De directeur Veiligheidsonderzoeken en Bedrijfsvoering bezit tekenbevoegdheid ten aanzien van de in artikel 2, eerste lid, onder a, b, c, d, e en f, van het Besluit tekenbevoegdheid vertrouwensfuncties en veiligheidsonderzoeken BZK 2007 bedoelde bevoegdheid.

Artikel 3

  • 1. Het hoofd van de Businessunit Veiligheidsonderzoeken bezit tekenbevoegdheid ten aanzien van:

    • a. de in artikel 2, eerste lid, onder b, van het Besluit tekenbevoegdheid vertrouwensfuncties en veiligheidsonderzoeken BZK 2007 bedoelde bevoegdheid betreffende het afgeven van een verklaring van geen bezwaar;

    • b. de in artikel 2, eerste lid, onder c, van het Besluit tekenbevoegdheid vertrouwensfuncties en veiligheidsonderzoeken BZK 2007 bedoelde bevoegdheid betreffende het weigeren van een verklaring van geen bezwaar;

    • c. de in artikel 2, eerste lid, onder d, van het Besluit tekenbevoegdheid vertrouwensfuncties en veiligheidsonderzoeken BZK 2007 bedoelde bevoegdheid betreffende het doen instellen van een hernieuwd veiligheidsonderzoek;

    • d. de in artikel 2, eerste lid, onder f, van het Besluit tekenbevoegdheid vertrouwensfuncties en veiligheidsonderzoeken BZK 2007 bedoelde bevoegdheid betreffende het doen van mededelingen aan een andere mogendheid of aan een volkenrechtelijke organisatie;

  • 2. In afwijking van het eerste lid, onder b, is de aldaar bedoelde bevoegdheid voorbehouden aan de directeur Veiligheidsonderzoeken en Bedrijfsvoering indien het weigeren volgt op een veiligheidsonderzoek dat verricht is ten behoeve van de afgifte van een verklaring voor beoogd eigen personeel van de Algemene Inlichtingen- en Veiligheidsdienst.

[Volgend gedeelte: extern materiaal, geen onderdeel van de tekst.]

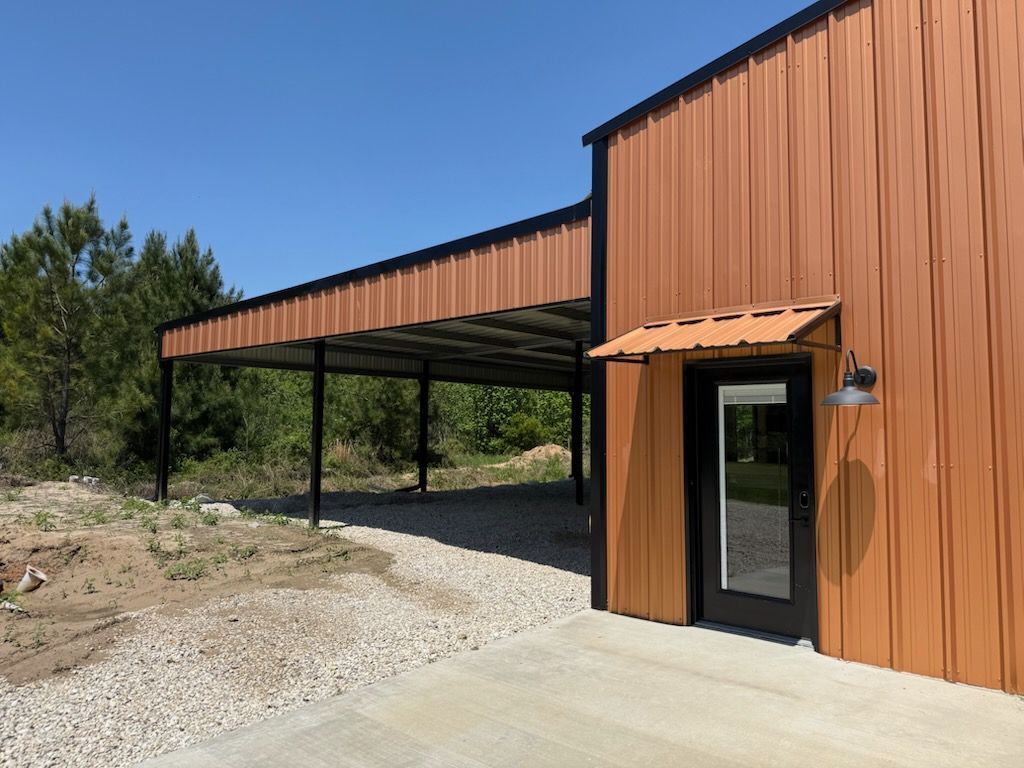Brown metal-clad building with a covered carport. Gravel driveway and a concrete patio.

  • 3. In afwijking van het eerste lid, onder b en d, is de aldaar bedoelde bevoegdheid voorbehouden aan de directeur Veiligheidsonderzoeken en Bedrijfsvoering indien bij de uitoefening van deze bevoegdheid gebruik wordt gemaakt van gegevens bedoeld in artikel 7, tweede lid, onder b en c, onderscheidenlijk artikel 13, vierde lid, onder b en c, van de Wet veiligheidsonderzoeken.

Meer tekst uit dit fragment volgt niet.